For the IO-PESC, the latency between an event observation and the final output of this event within a timestamp-sorted event stream is proportional to the total number of EPs enabled within the system. However, the latency of the RR-PESC is dependent on both the number of enabled EPs and the latency of the software sorting algorithm. Similarly, the latency of the PL-PESC is dependent on both the total number of priority levels and the latency of the software sorting algorithm.
Throughput Analysis
Table IV reports throughput for all four scenarios. To measure the effective maximum event throughput of the presented methods, we measure the total number of events that can be processed by the runtime observation software within a fixed time interval. While the IO-PESC provides a maximum throughput of one event per clock cycle, the maximum effective throughput for the IO-PESC, including the delay for the runtime software to read events from the event stream, is 400,790 events per second. The RR-PESC with immediate sort/output and the PL-PESC with immediate sort/output are capable of sorting and reporting 228268 and 243390 events per second, respectively. The IO-PESC that is not affected by the number of enabled EPs and frequency of the event occurrence achieves greater throughput compared to the RR-PESC and the PL-PESC. Overall, the PL-PESC achieves greater throughput compared to the RR-PESC. However, the throughput of RR-PESC is greater than the PL-PESC in the SLCS scenario because SWOIs/HWOIs having lower priorities must wait for the output of SWOIs/HWOIs having higher priorities across multiple SWOIs and HWOIs.

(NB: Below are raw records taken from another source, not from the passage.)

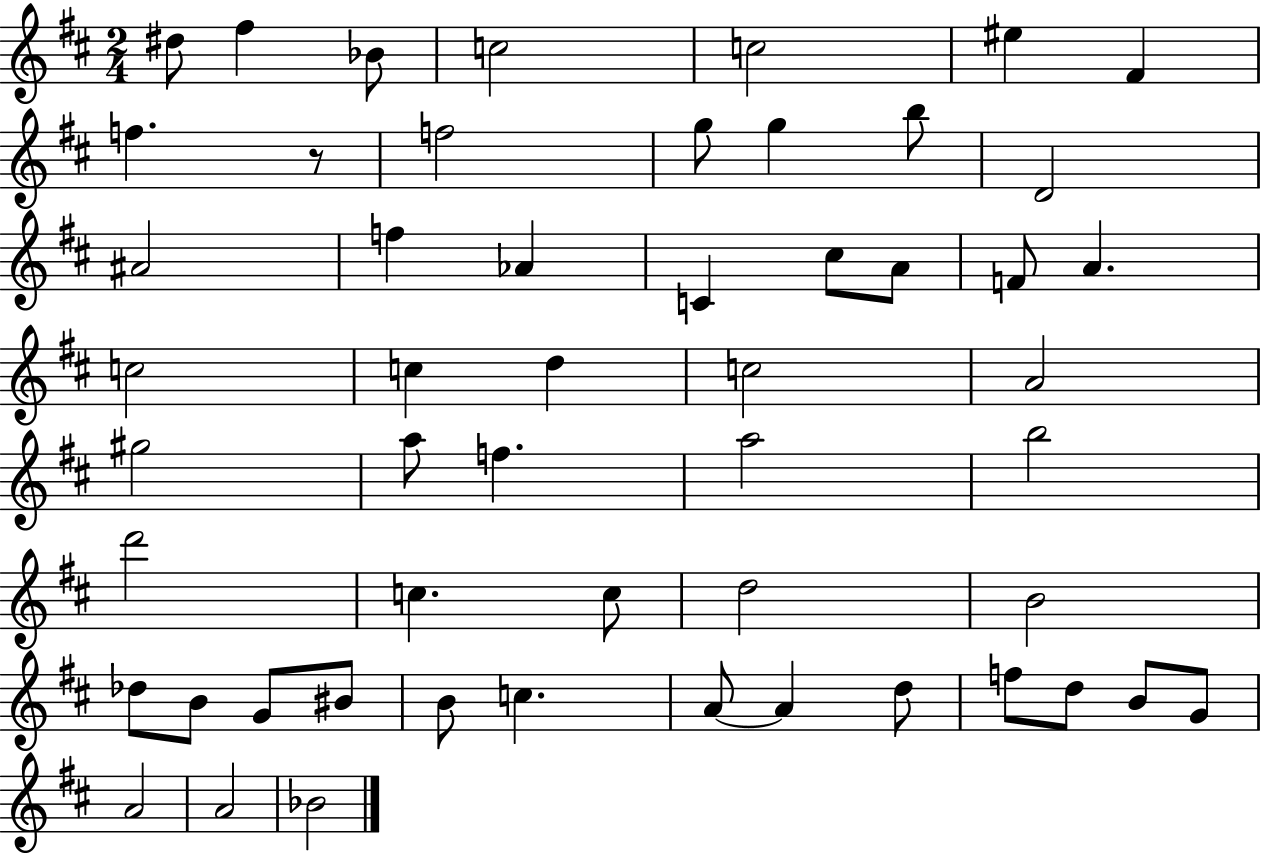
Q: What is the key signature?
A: D major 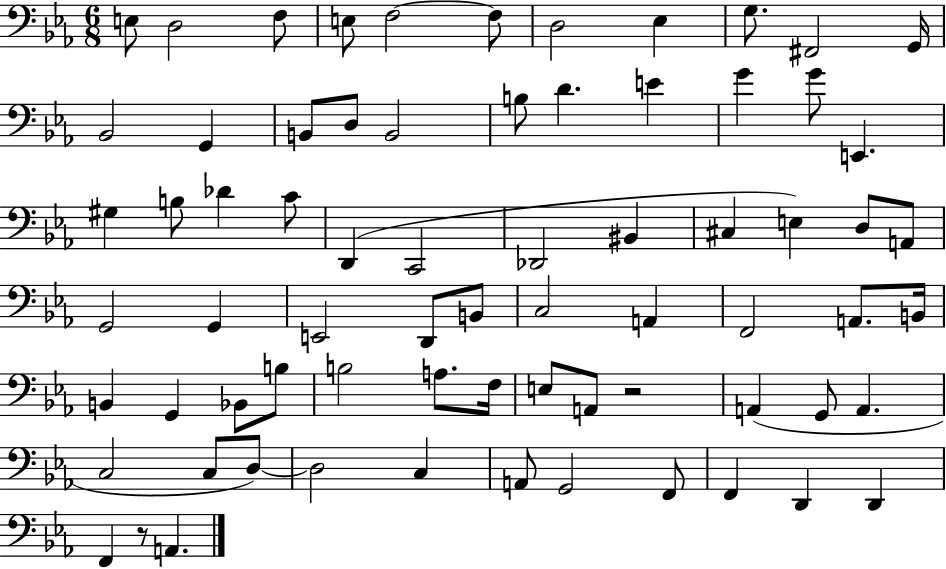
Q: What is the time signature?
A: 6/8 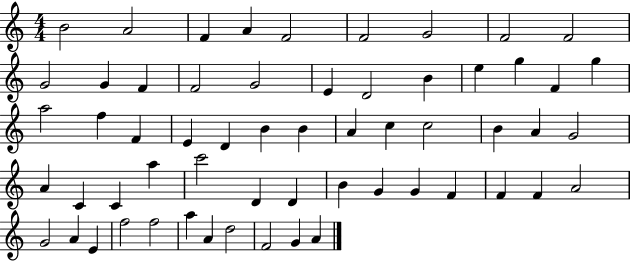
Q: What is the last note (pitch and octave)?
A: A4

For the SLCS scenario, the PL-PESC has lower throughput than the RR-PESC, due to the fact that the PL-PESC uses separate buffers for each PL while the RR-PESC uses a single buffer. Using the immediate sort/output algorithm, the overhead of sorting the individual buffers can be affected by the frequency of specific events. Additionally, the observation software incurs a slight overhead for determining which PLB to insert in each incoming event.
In comparison with the trace-based approaches, including those supporting event triggers and filtering, the event-driven SOF utilizes lower trace bandwidth. The advantage is that the SOF can observe more events within the system for longer time windows which are important for analyzing or debugging systems. Generally, each signal that needs to be monitored can be characterized by an update rate and an event rate. The update rate characterizes the average rate at which a signal is updated. A lower update rate would enable trace methods to reduce the bandwidth using filtering and compression techniques. The event rate characterizes the average rate at which designer-specific events occur. If a designer desires to monitor all updates to a signal, the event rate will be equal to the update rate. Otherwise, it will be lower. In typical cases, the event rate will be 100-1000x lower than the update rate. The update rate and event rate can be utilized to determine the required bandwidth and trace window. For example, consider an SOC with a 100 MHz clock and 32KB of on-chip memory for trace/observation data. Further, consider a single 32-bit signal with an update rate of 1 MHz and an event rate of 10 KHz. The required bandwidth for a trace-based approach using both filtering and trace compression is approximately 4000KB/s, and the trace window is only 8ms. Using the SOF, the trace bandwidth can be reduced to 90KB/s with a trace window of 400ms.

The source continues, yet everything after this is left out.